How to complete this task - Repeat the records below exactly as they appear, leaving out any pictures.

==== Dataset content ====

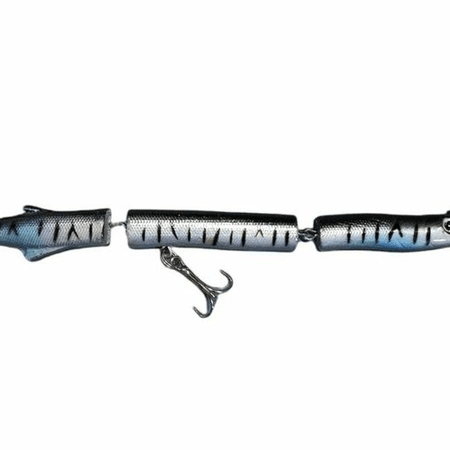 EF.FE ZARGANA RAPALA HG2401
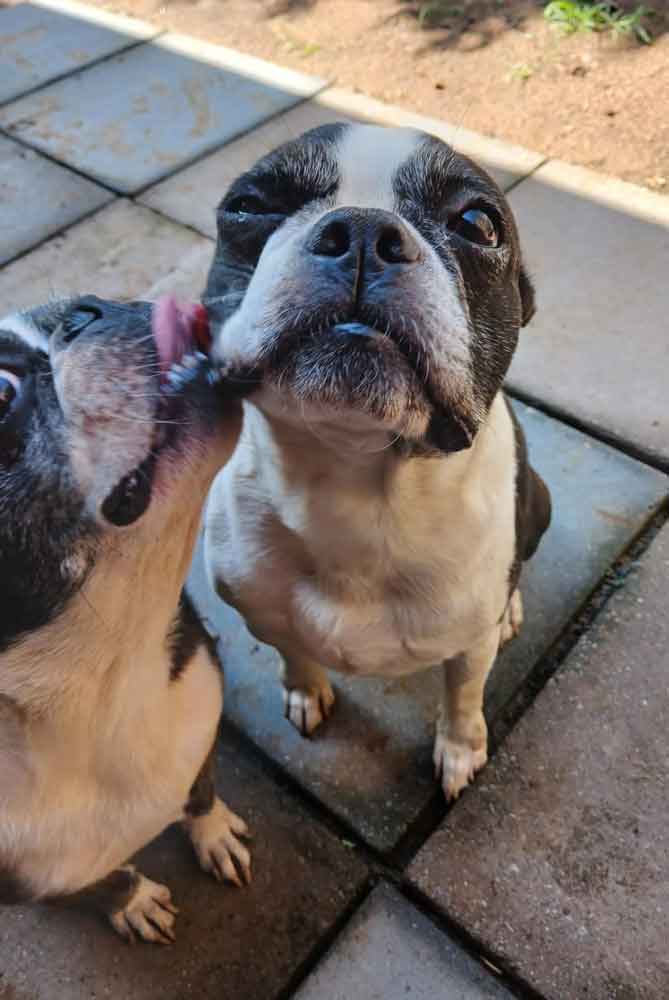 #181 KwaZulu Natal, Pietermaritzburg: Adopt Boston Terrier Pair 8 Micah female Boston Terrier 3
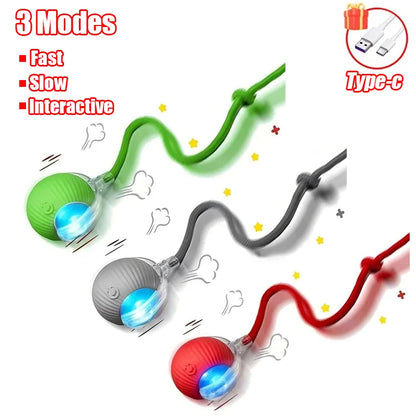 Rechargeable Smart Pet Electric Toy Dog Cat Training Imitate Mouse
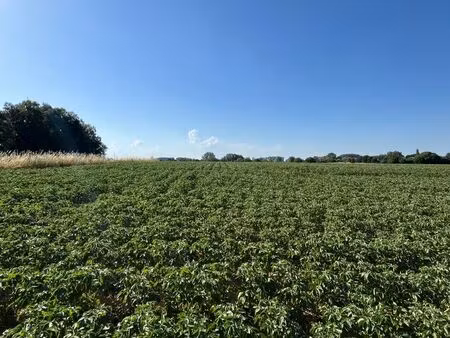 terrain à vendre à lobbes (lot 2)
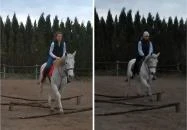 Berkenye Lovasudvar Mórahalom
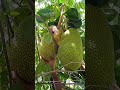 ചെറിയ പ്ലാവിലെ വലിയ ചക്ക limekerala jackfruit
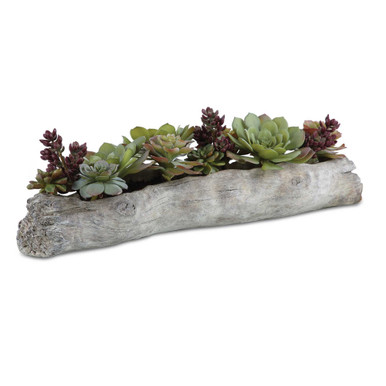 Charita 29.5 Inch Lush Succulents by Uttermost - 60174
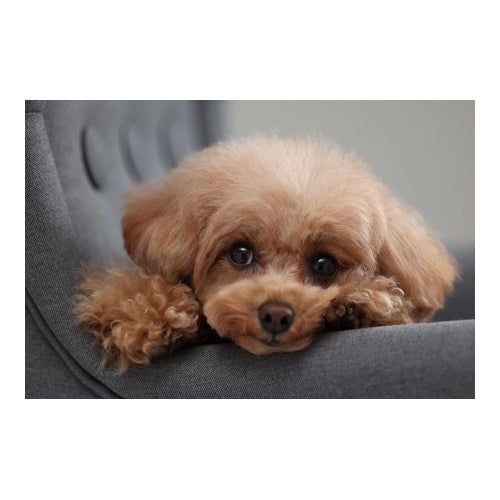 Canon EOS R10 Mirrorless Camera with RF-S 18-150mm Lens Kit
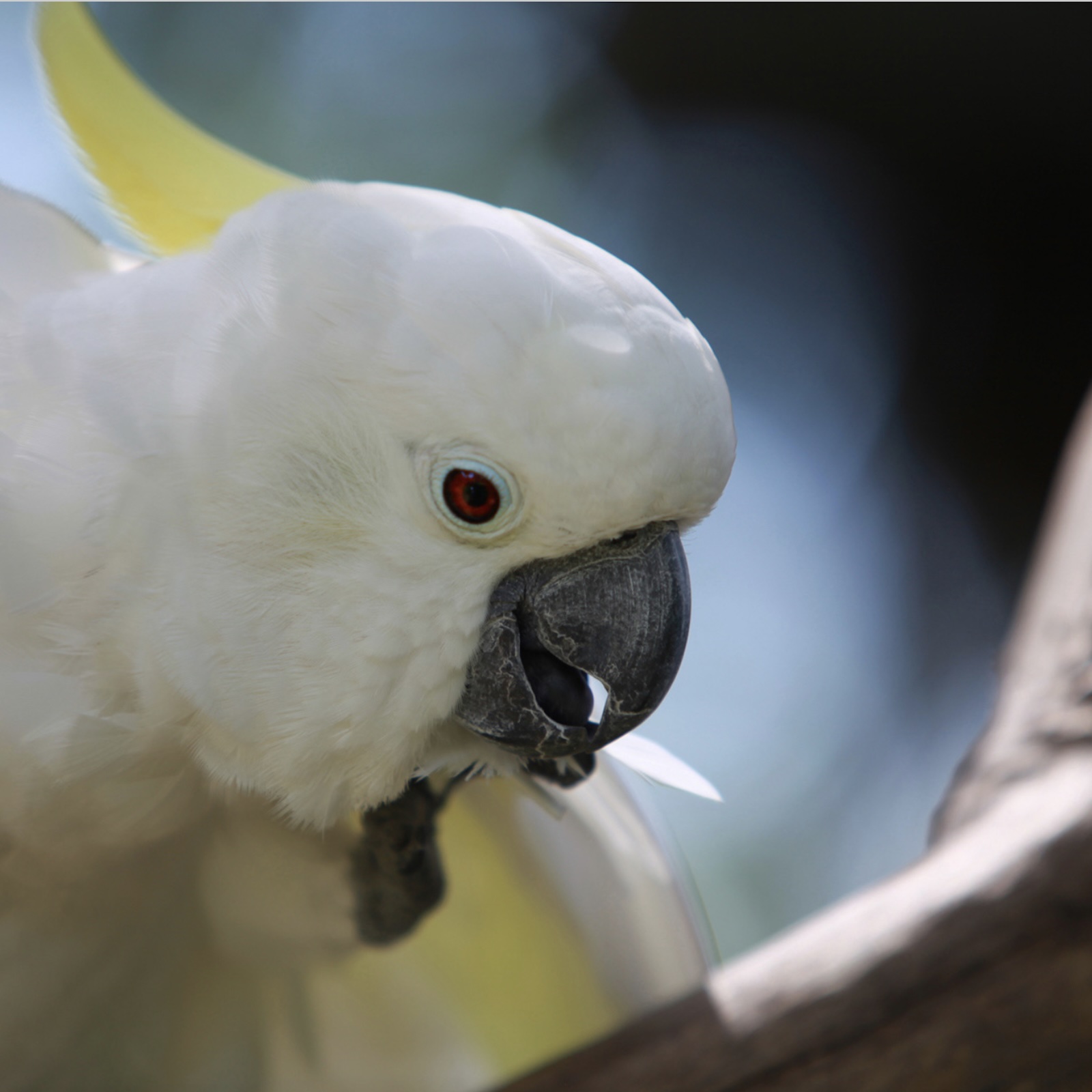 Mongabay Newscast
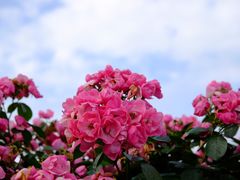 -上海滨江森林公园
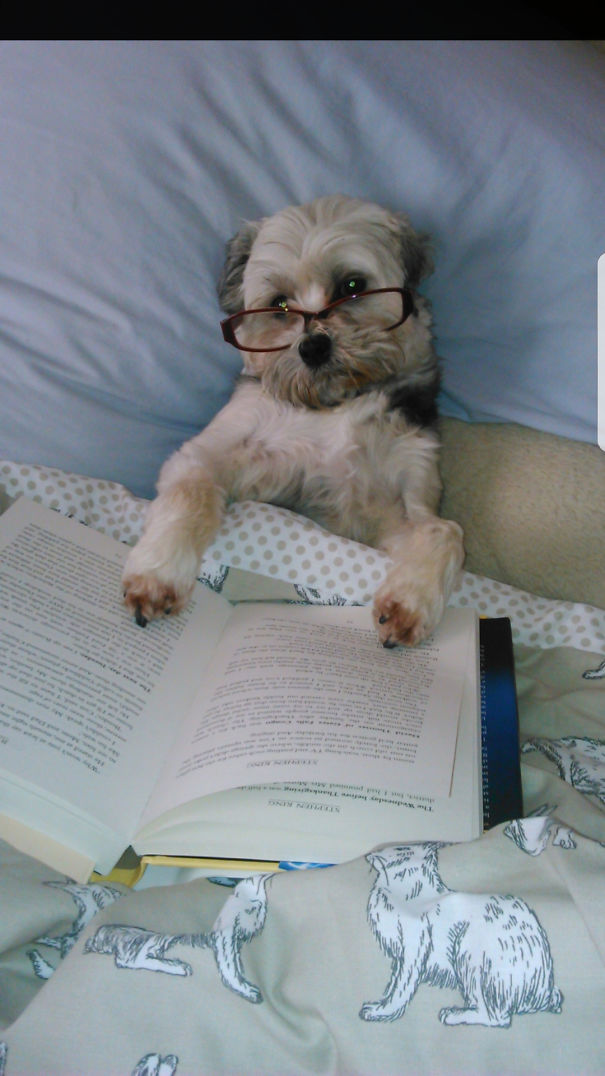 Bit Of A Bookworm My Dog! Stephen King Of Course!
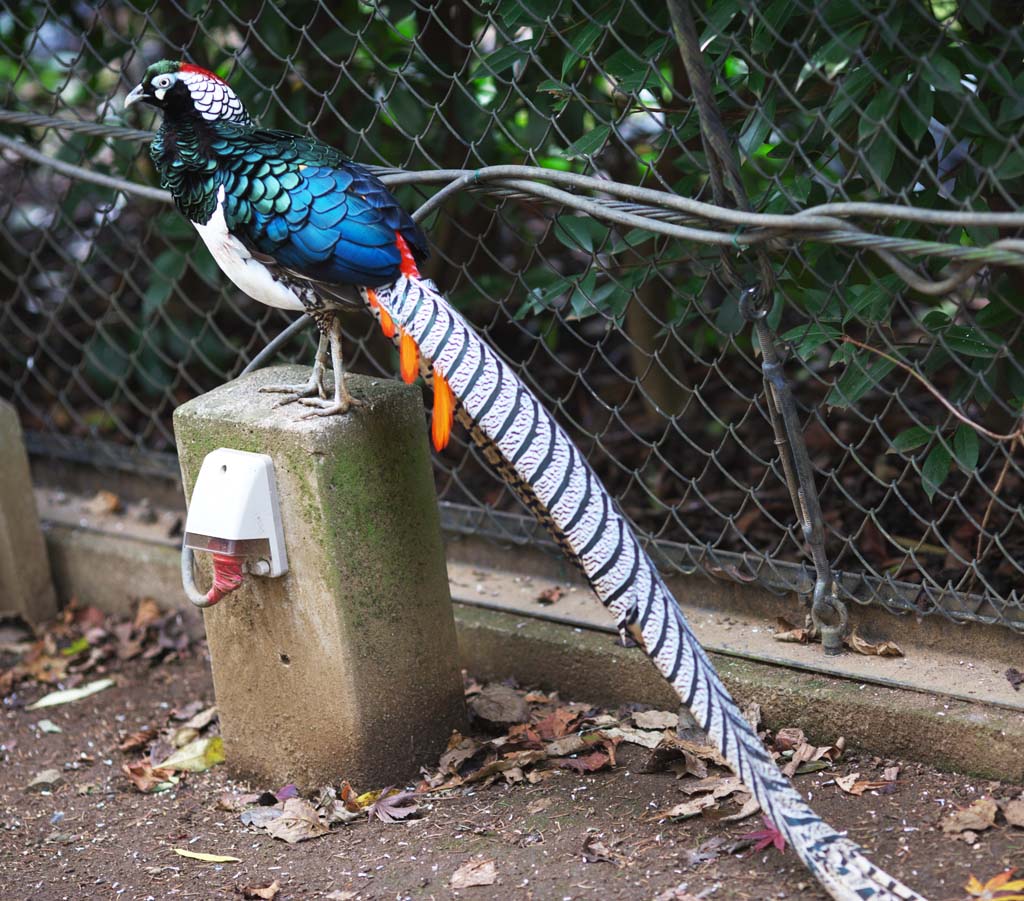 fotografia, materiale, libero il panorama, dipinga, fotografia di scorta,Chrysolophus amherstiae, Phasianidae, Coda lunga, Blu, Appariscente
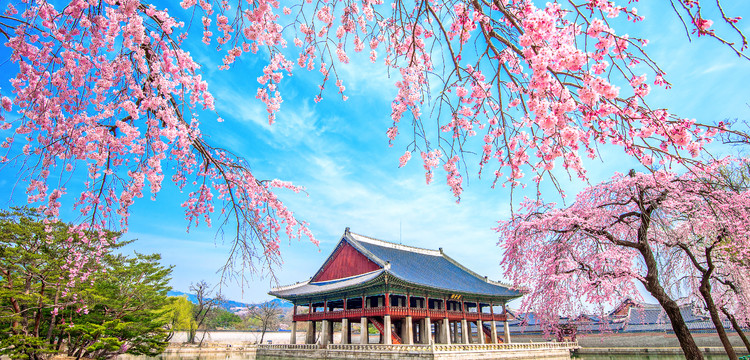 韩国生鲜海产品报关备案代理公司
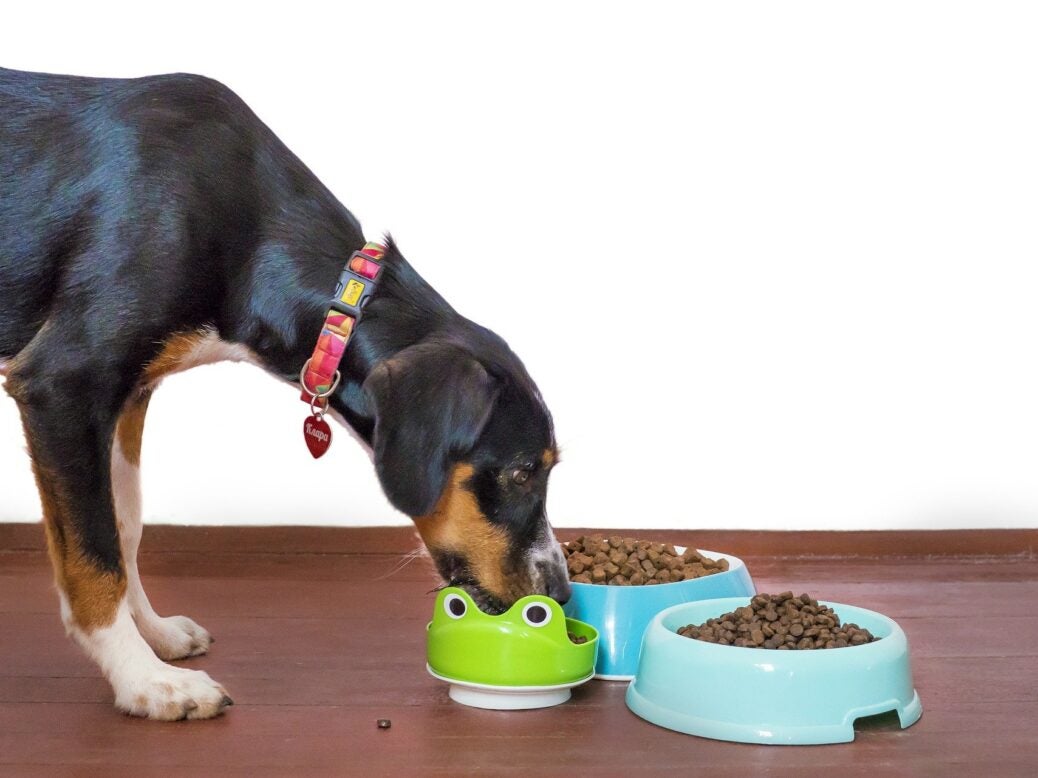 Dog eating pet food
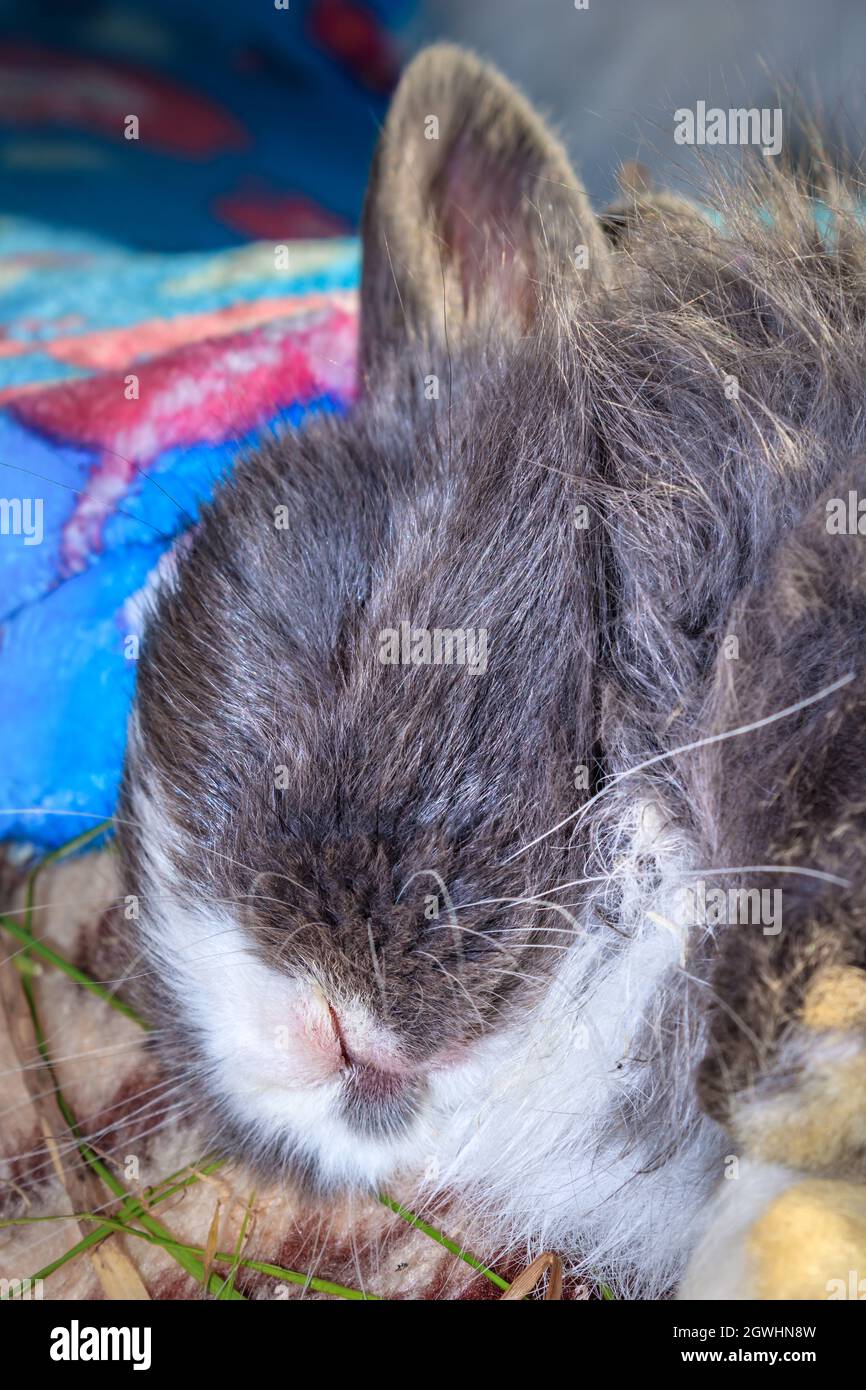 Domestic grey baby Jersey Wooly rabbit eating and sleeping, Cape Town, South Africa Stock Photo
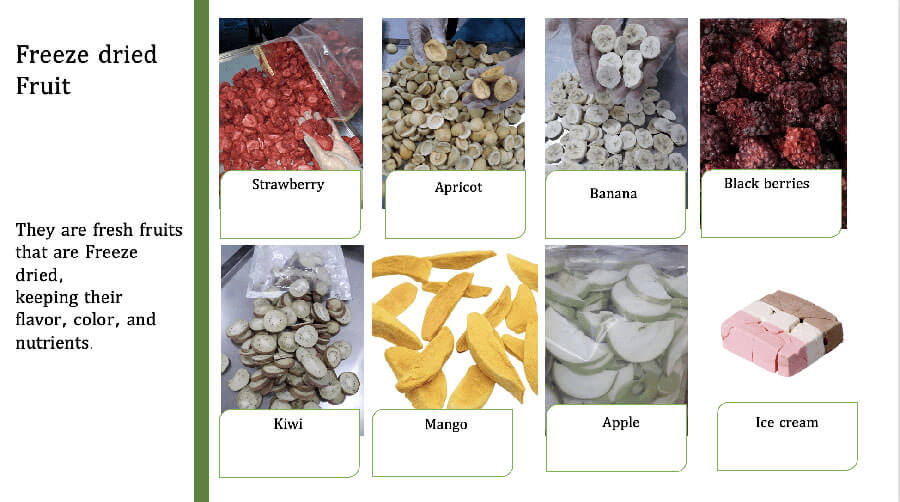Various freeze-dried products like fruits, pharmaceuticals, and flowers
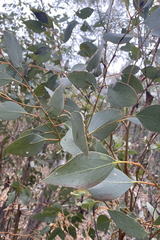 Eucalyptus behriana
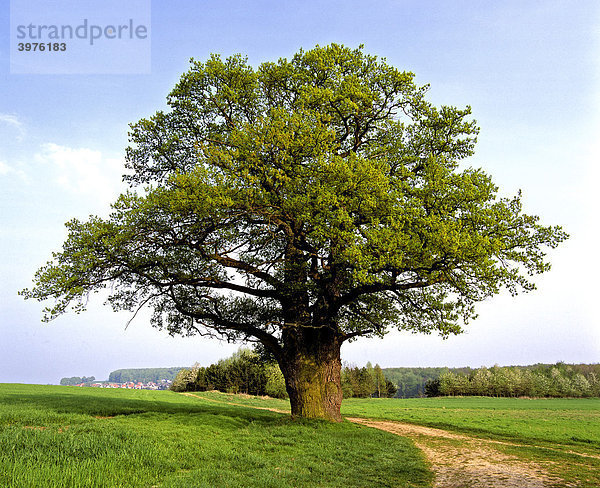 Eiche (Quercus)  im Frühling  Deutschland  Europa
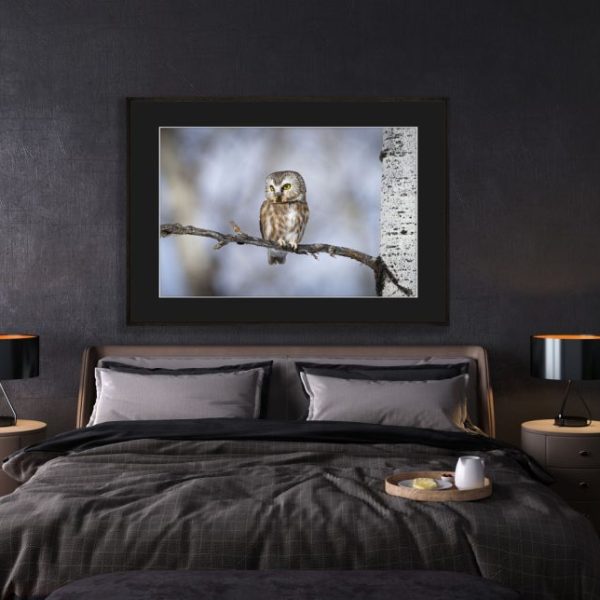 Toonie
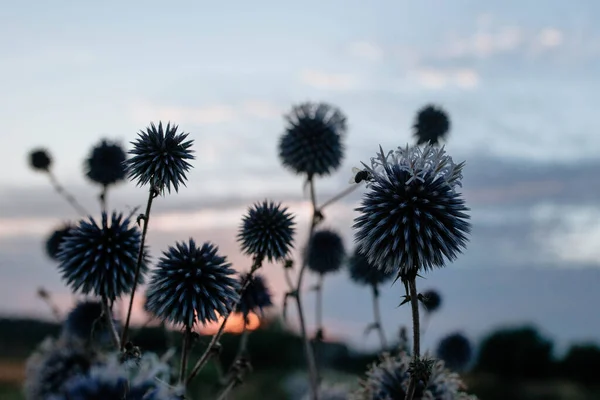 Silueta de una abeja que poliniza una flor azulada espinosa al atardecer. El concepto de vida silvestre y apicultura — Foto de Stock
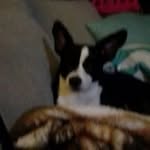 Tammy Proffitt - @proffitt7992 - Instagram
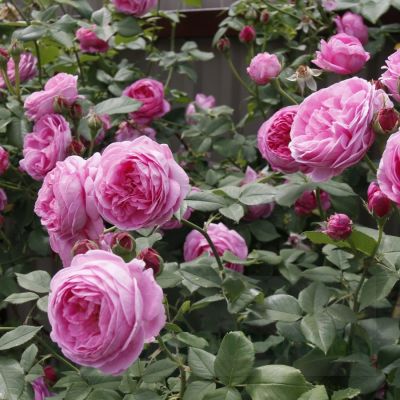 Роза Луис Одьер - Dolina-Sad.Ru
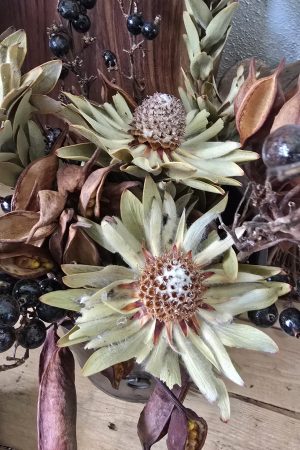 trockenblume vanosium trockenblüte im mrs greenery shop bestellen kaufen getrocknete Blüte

====

Solution to this task -
 EF.FE ZARGANA RAPALA HG2401
 #181 KwaZulu Natal, Pietermaritzburg: Adopt Boston Terrier Pair 8 Micah female Boston Terrier 3
 Rechargeable Smart Pet Electric Toy Dog Cat Training Imitate Mouse
 terrain à vendre à lobbes (lot 2)
 Berkenye Lovasudvar Mórahalom
 ചെറിയ പ്ലാവിലെ വലിയ ചക്ക limekerala jackfruit
 Charita 29.5 Inch Lush Succulents by Uttermost - 60174
 Canon EOS R10 Mirrorless Camera with RF-S 18-150mm Lens Kit
 Mongabay Newscast
 -上海滨江森林公园
 Bit Of A Bookworm My Dog! Stephen King Of Course!
 fotografia, materiale, libero il panorama, dipinga, fotografia di scorta,Chrysolophus amherstiae, Phasianidae, Coda lunga, Blu, Appariscente
 韩国生鲜海产品报关备案代理公司
 Dog eating pet food
 Domestic grey baby Jersey Wooly rabbit eating and sleeping, Cape Town, South Africa Stock Photo
Various freeze-dried products like fruits, pharmaceuticals, and flowers
 Eucalyptus behriana
 Eiche (Quercus)  im Frühling  Deutschland  Europa
 Toonie
 Silueta de una abeja que poliniza una flor azulada espinosa al atardecer. El concepto de vida silvestre y apicultura — Foto de Stock
 Tammy Proffitt - @proffitt7992 - Instagram
 Роза Луис Одьер - Dolina-Sad.Ru
 trockenblume vanosium trockenblüte im mrs greenery shop bestellen kaufen getrocknete Blüte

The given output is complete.